▸ **Work task**
In the entries that follow, find the line containing "Eagles Kelly Green Kids Tee"; from there, copy every line exactly through the line containing "Blake Monroe Glamour Forever WHT".

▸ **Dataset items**
※
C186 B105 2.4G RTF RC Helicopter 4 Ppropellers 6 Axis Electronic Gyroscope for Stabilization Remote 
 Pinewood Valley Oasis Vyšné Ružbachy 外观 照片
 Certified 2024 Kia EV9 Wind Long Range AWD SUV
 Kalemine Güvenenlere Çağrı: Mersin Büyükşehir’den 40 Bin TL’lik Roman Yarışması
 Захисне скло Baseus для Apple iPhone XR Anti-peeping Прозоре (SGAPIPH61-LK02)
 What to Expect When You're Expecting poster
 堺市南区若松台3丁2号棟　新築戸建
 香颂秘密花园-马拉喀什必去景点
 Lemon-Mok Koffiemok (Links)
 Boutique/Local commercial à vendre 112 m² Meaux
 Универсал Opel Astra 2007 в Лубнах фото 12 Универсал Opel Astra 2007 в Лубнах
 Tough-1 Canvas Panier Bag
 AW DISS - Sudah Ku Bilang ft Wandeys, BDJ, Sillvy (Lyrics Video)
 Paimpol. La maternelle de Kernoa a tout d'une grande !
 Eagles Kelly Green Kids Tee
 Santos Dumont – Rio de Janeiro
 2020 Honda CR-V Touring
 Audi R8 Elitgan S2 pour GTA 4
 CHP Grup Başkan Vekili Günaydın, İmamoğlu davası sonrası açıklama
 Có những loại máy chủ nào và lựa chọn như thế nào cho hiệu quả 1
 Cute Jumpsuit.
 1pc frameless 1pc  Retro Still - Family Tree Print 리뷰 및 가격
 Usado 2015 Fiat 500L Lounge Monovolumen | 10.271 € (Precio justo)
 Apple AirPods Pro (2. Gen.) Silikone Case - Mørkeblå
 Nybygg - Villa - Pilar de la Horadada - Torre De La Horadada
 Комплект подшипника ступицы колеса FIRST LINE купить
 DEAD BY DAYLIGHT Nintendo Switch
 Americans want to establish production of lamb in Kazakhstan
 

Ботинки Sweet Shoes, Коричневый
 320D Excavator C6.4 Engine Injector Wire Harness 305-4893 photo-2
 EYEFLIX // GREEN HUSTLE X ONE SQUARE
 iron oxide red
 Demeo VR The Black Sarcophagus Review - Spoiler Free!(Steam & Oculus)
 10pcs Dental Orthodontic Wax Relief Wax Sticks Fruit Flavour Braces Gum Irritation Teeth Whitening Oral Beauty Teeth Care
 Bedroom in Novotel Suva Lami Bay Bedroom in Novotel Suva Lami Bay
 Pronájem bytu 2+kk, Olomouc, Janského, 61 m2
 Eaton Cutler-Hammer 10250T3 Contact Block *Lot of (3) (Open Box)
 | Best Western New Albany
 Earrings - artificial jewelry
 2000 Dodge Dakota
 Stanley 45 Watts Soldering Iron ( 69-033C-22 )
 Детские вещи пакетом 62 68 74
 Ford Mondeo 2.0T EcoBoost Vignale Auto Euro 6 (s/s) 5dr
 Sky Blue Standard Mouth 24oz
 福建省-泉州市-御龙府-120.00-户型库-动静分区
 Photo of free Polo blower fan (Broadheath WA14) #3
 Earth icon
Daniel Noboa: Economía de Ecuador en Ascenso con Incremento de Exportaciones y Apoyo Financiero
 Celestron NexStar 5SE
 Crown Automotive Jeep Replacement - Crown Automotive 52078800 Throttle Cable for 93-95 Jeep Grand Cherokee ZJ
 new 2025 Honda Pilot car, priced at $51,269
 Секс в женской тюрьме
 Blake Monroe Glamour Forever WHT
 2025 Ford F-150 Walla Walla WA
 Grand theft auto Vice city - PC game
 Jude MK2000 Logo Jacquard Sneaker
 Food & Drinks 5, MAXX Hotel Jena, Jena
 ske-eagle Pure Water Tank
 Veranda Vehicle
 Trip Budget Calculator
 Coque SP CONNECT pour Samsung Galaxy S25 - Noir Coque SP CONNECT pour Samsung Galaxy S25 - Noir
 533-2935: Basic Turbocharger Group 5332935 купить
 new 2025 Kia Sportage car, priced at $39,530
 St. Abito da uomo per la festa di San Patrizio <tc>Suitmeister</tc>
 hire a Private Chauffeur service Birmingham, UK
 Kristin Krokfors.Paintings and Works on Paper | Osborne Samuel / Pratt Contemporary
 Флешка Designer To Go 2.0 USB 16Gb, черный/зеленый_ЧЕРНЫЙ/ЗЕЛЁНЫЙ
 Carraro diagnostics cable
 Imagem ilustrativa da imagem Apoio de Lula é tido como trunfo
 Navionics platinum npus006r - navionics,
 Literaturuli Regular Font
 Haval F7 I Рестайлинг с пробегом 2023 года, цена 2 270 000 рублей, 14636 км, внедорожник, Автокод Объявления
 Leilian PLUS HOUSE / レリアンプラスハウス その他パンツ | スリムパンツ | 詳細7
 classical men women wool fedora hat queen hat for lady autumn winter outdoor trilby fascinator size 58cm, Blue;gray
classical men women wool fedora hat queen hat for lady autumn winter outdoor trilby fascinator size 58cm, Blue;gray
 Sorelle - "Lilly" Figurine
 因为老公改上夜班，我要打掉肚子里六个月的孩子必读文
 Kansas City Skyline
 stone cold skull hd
※
▸ **Output**
 Eagles Kelly Green Kids Tee
 Santos Dumont – Rio de Janeiro
 2020 Honda CR-V Touring
 Audi R8 Elitgan S2 pour GTA 4
 CHP Grup Başkan Vekili Günaydın, İmamoğlu davası sonrası açıklama
 Có những loại máy chủ nào và lựa chọn như thế nào cho hiệu quả 1
 Cute Jumpsuit.
 1pc frameless 1pc  Retro Still - Family Tree Print 리뷰 및 가격
 Usado 2015 Fiat 500L Lounge Monovolumen | 10.271 € (Precio justo)
 Apple AirPods Pro (2. Gen.) Silikone Case - Mørkeblå
 Nybygg - Villa - Pilar de la Horadada - Torre De La Horadada
 Комплект подшипника ступицы колеса FIRST LINE купить
 DEAD BY DAYLIGHT Nintendo Switch
 Americans want to establish production of lamb in Kazakhstan
 

Ботинки Sweet Shoes, Коричневый
 320D Excavator C6.4 Engine Injector Wire Harness 305-4893 photo-2
 EYEFLIX // GREEN HUSTLE X ONE SQUARE
 iron oxide red
 Demeo VR The Black Sarcophagus Review - Spoiler Free!(Steam & Oculus)
 10pcs Dental Orthodontic Wax Relief Wax Sticks Fruit Flavour Braces Gum Irritation Teeth Whitening Oral Beauty Teeth Care
 Bedroom in Novotel Suva Lami Bay Bedroom in Novotel Suva Lami Bay
 Pronájem bytu 2+kk, Olomouc, Janského, 61 m2
 Eaton Cutler-Hammer 10250T3 Contact Block *Lot of (3) (Open Box)
 | Best Western New Albany
 Earrings - artificial jewelry
 2000 Dodge Dakota
 Stanley 45 Watts Soldering Iron ( 69-033C-22 )
 Детские вещи пакетом 62 68 74
 Ford Mondeo 2.0T EcoBoost Vignale Auto Euro 6 (s/s) 5dr
 Sky Blue Standard Mouth 24oz
 福建省-泉州市-御龙府-120.00-户型库-动静分区
 Photo of free Polo blower fan (Broadheath WA14) #3
 Earth icon
Daniel Noboa: Economía de Ecuador en Ascenso con Incremento de Exportaciones y Apoyo Financiero
 Celestron NexStar 5SE
 Crown Automotive Jeep Replacement - Crown Automotive 52078800 Throttle Cable for 93-95 Jeep Grand Cherokee ZJ
 new 2025 Honda Pilot car, priced at $51,269
 Секс в женской тюрьме
 Blake Monroe Glamour Forever WHT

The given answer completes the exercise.